Yukarıdaki soruyu Slavi Trivonov’a da sormak gerekir, çünkü o da anlaşılan ipin ucunu kaçırdı ve devrilip yokuş aşağı tekerlenmeye başladı.

Bu gibi soruları kime sonsan, şimdi artık  şovumun Slavi Trifonov’a ve henüz 2 yaşını doldurmamış, tay durmaya çalışan partisine işaret ediyorlar. Çocuk parti yürümeyi çabuk öğrendi amma durmayı pek bilemiyor ve yakında yere düşer çarpılabilir.

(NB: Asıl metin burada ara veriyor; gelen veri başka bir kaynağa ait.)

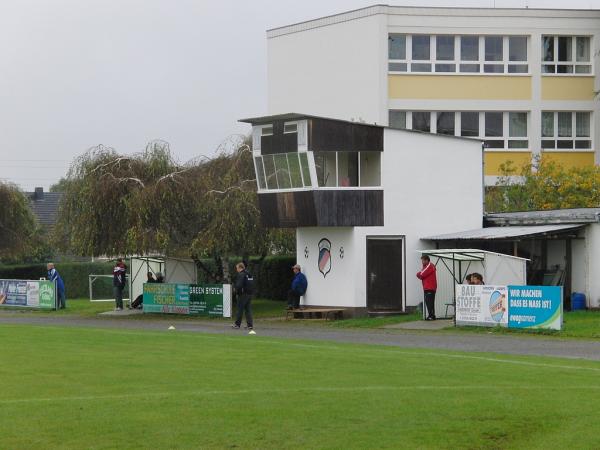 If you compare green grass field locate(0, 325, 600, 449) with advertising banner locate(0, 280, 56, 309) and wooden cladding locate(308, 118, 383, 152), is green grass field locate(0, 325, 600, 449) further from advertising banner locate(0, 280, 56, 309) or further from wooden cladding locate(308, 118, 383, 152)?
advertising banner locate(0, 280, 56, 309)

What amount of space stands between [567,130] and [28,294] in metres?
30.2

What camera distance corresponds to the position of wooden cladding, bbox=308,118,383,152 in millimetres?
38625

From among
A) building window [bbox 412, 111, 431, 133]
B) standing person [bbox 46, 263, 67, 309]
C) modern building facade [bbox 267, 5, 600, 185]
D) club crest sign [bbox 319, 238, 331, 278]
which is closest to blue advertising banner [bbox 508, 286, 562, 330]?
club crest sign [bbox 319, 238, 331, 278]

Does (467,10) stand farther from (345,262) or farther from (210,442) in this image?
(210,442)

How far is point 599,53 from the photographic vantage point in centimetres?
6319

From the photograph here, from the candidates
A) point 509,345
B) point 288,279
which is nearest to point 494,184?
point 288,279

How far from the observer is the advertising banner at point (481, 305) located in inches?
1264

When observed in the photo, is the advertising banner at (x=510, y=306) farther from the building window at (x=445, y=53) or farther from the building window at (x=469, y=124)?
the building window at (x=445, y=53)

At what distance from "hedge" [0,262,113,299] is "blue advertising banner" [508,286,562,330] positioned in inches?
1409

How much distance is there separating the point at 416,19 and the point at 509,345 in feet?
123

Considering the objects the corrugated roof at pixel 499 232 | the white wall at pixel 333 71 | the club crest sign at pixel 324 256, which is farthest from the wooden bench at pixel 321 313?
the white wall at pixel 333 71

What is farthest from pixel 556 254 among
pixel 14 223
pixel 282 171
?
pixel 14 223

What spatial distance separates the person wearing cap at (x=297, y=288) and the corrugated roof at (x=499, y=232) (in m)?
4.20

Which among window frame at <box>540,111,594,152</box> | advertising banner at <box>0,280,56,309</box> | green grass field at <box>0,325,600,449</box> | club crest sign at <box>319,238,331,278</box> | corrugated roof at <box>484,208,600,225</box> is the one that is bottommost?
green grass field at <box>0,325,600,449</box> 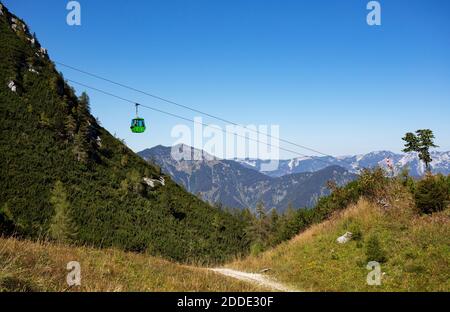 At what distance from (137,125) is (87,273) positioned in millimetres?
22823

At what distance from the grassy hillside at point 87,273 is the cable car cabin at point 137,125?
1879 cm

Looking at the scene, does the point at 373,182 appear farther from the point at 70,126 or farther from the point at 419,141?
the point at 70,126

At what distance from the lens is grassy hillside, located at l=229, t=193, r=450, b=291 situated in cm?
1338

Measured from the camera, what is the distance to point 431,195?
17.6m

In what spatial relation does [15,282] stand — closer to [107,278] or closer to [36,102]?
[107,278]

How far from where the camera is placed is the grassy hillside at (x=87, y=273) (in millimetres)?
6859

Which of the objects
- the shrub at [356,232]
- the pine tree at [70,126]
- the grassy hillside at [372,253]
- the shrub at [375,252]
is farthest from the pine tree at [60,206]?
the shrub at [375,252]

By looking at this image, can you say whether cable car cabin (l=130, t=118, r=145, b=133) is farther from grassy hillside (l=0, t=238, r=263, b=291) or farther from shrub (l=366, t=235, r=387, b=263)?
shrub (l=366, t=235, r=387, b=263)

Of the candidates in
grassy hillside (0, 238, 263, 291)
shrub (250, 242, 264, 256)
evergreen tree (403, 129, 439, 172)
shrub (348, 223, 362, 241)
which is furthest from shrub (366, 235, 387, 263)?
evergreen tree (403, 129, 439, 172)

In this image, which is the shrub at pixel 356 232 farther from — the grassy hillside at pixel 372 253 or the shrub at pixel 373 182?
the shrub at pixel 373 182

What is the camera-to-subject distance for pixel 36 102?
97312 mm

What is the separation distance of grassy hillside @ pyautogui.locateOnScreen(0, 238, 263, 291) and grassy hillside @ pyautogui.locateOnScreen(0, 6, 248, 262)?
4905 cm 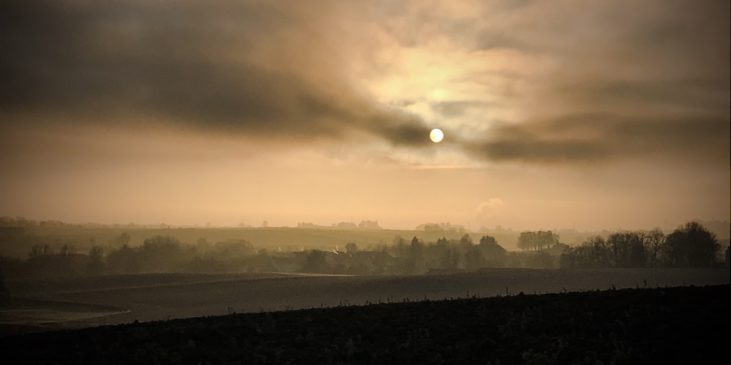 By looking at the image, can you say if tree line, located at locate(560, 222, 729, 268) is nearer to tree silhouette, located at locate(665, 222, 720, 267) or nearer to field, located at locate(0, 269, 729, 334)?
tree silhouette, located at locate(665, 222, 720, 267)

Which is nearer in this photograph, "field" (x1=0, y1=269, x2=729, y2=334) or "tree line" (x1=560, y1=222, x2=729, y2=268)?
"field" (x1=0, y1=269, x2=729, y2=334)

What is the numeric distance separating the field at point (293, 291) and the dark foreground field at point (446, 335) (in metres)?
51.8

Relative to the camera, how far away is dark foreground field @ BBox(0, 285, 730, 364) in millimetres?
18594

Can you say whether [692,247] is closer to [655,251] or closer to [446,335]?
[655,251]

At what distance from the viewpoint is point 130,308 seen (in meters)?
92.9

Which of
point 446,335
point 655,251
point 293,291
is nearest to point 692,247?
point 655,251

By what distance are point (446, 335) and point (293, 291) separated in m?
84.7

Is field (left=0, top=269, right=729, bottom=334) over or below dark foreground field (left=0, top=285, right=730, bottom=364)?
below

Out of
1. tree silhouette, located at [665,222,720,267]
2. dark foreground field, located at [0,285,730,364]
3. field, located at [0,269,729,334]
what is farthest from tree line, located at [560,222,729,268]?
dark foreground field, located at [0,285,730,364]

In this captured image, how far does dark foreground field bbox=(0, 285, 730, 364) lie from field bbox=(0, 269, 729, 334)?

Şimdiye kadar topluma TV üzerinden, eğlence programları sunulan akşam yayınlarında süregelen parlamenter düzen eleştirilerine millet sanki bıktı:

120 milletvekilli, yeni bir meclis ve belki de gerek duyulursa yasal üstünlüğün uygulanıp uygulanmadığını izleyecek” 20-30 kişilik bir senato düşüncesi aşılayan Trifonov oldu. Başsavcılığın yargıdan ayrılması, savcıların ve polis amirlerinin halk tarafından seçilmesi de, al da başına sür fikirler ama hiç biri tutmadı. Bizde lanet var ve halk lehinde olan kök salamıyor, tutsa da yemiş vermiyor.

Bu durumda, halka hayal aşılamak ve sonra her şeyi kısır bırakmak suçsa, Bulgaristan’da anormal durumu yaratanlardan odur diyebiliriz. Anormal durum dediğimde, sözüm öncelikle beş denemede bir hükümet kuramayan kısır parlamentodadır.
Halkın hevesi kırıldı. O öyleymiş bu böyleymiş, iyi de kişisel işlerin politikayla ne işi olur. Politika ancak tüm halkın ve devletin menfaatlerini kapsayandır. Bu bilinç yerleşmeden zaten hükümet kurulamaz ki…

Bu noktada olmak üzere problem Slavi Trifonov’un ABD Başkanına danışmadan, saatini ayarlamadan iş yapmaya kalkışından aksıyor da diyebilirim.
Çünkü biz artık Amerika’nın sömürge sel uzantılarından biriyiz. Başkan Jeo Biden Bulgaristan’da  yalnızca ve bir tek özel görevlisi Ekonomi Bakanı Kiril Petkov’a hukuk üstü haklar tanınmasını isterken, Slavi’nin aklını kaşıyan “halkı bayıltmak için seçim üstüne seçim”, “senato kurmak”, seçim sistemi değiştirmektir geliyor ki, olacak gibi değil.  İşte bunların toplamı kendiliğinden oluşan ve toplumu sarsan çelişki topu olabilir.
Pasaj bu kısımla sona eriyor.